* YOUR ASSIGNMENT: Exact copies of all the entries are required, and no pictures should appear in them.

== EXCERPTED RECORDS ==

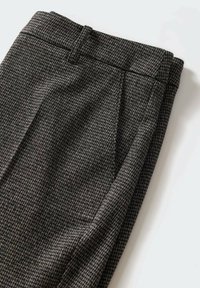 Gros plan d’un pantalon habillé à motif pied-de-poule gris et noir, avec passants de ceinture et pli latéral, posé à plat sur une surface blanche.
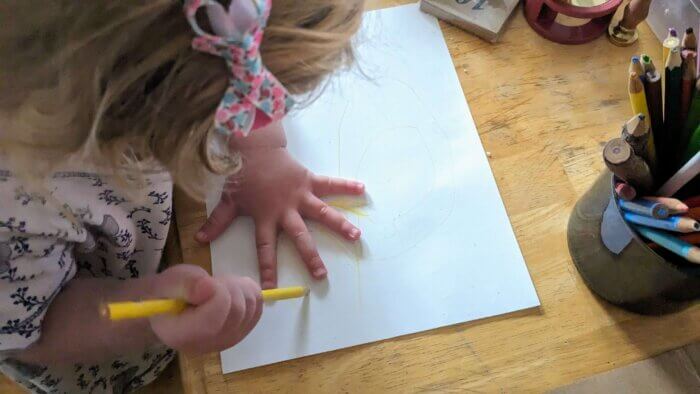 Toddler girl coloring a picture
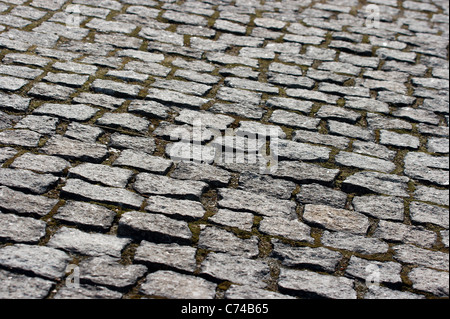 Old stone pavement closeup, small stones Stock Photo
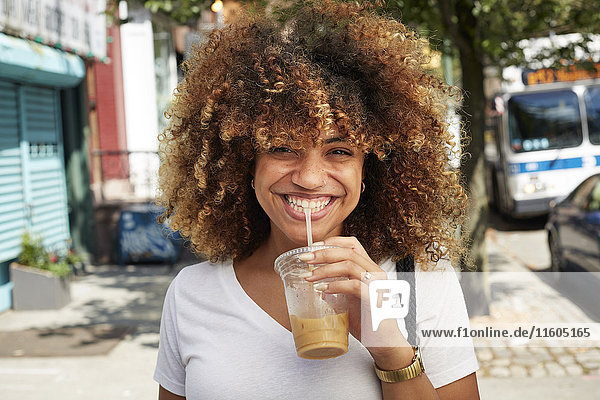 Black woman drinking with straw on city sidewalk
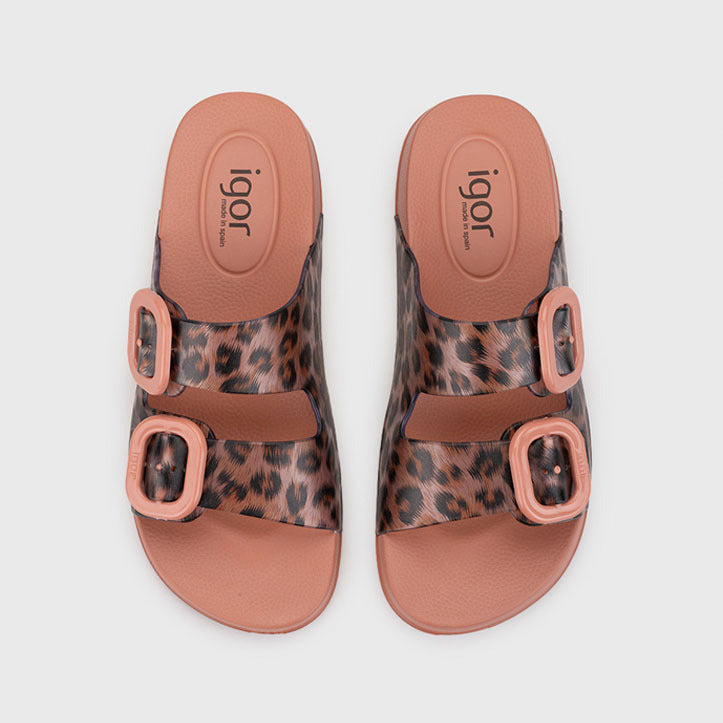 Pair of leopard print sandals with pink straps on a white background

===

* RESULT OF THIS EXERCISE:
 Gros plan d’un pantalon habillé à motif pied-de-poule gris et noir, avec passants de ceinture et pli latéral, posé à plat sur une surface blanche.
 Toddler girl coloring a picture
 Old stone pavement closeup, small stones Stock Photo
 Black woman drinking with straw on city sidewalk
 Pair of leopard print sandals with pink straps on a white background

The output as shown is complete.